## AIM OF THE TASK
Among the entries below, the lines from the one with "Indicator: Population Estimate,: acial" up to and including the one with "Automotive Active Safety" are to be restated exactly, without pictures.

## RECORDS TO USE
BEGIN

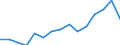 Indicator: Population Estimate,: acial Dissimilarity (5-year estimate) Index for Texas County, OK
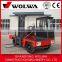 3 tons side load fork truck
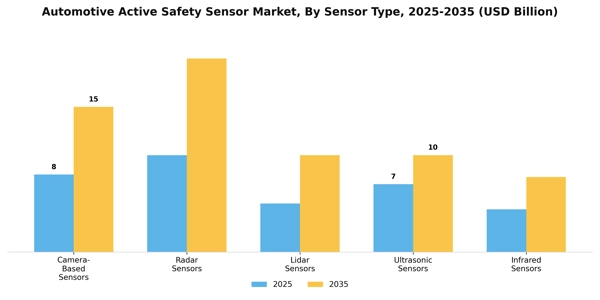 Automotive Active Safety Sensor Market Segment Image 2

END
BEGIN

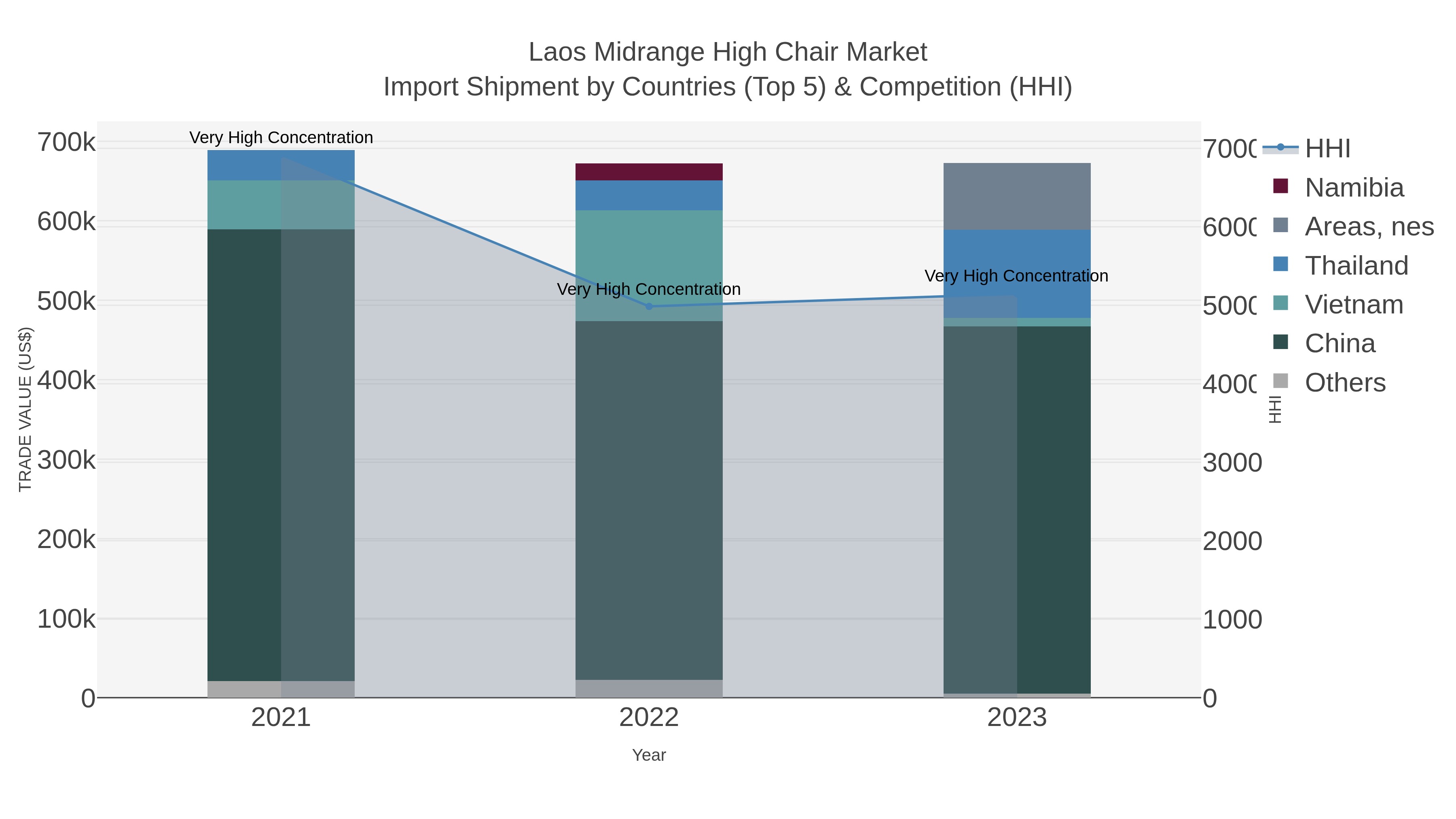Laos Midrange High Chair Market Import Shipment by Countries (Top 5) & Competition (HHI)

END
BEGIN

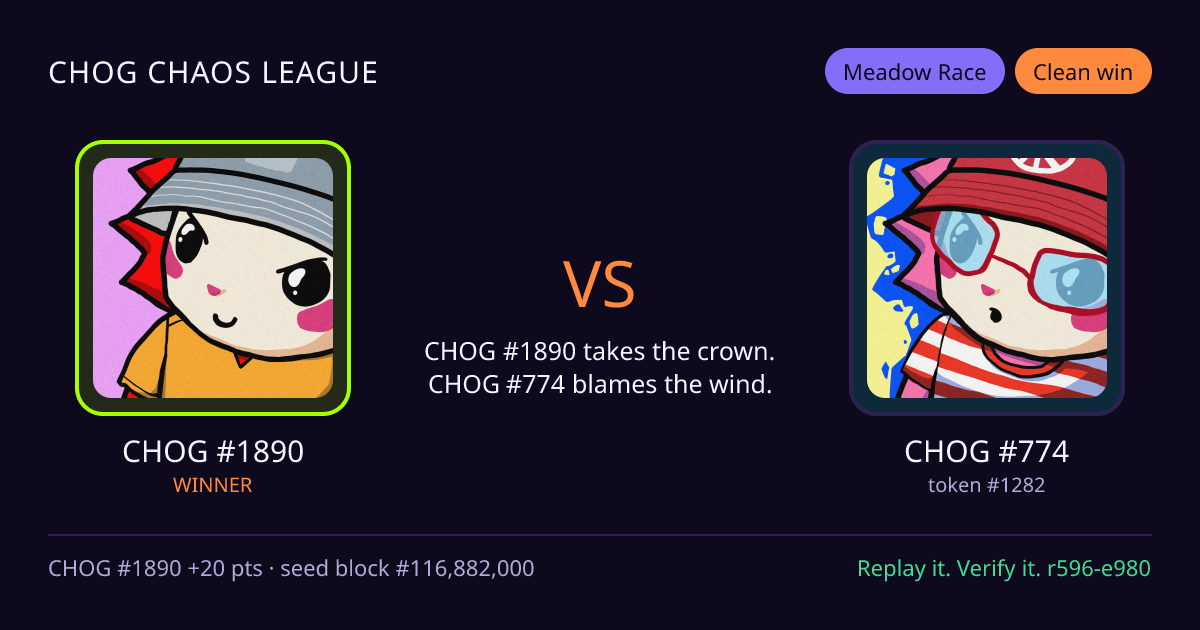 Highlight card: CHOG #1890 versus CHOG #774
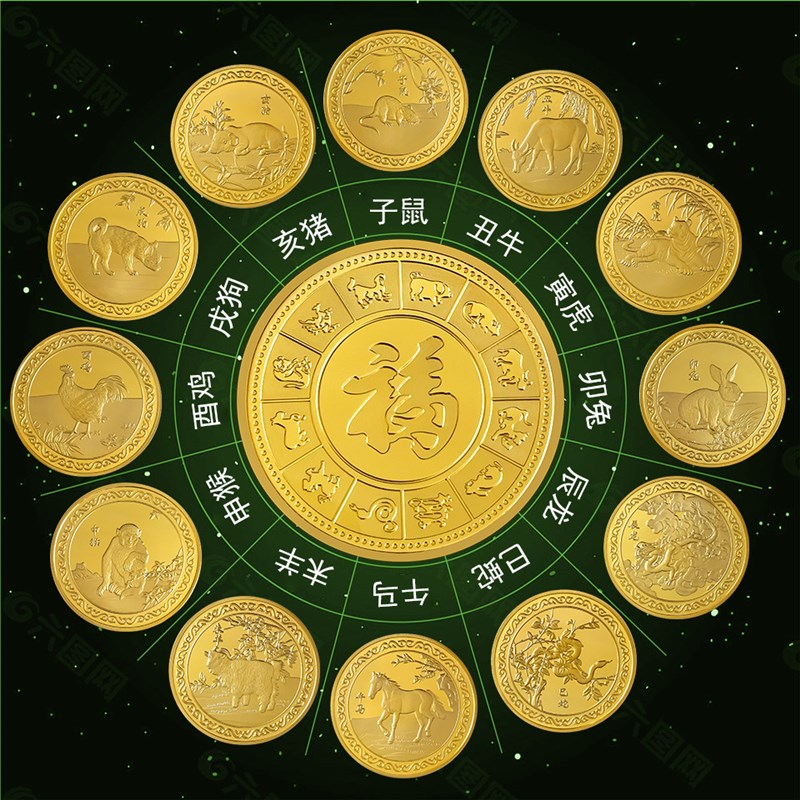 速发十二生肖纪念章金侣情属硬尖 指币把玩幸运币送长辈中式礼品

END

## EXERCISE RESPONSE
 Indicator: Population Estimate,: acial Dissimilarity (5-year estimate) Index for Texas County, OK
 3 tons side load fork truck
 Automotive Active Safety Sensor Market Segment Image 2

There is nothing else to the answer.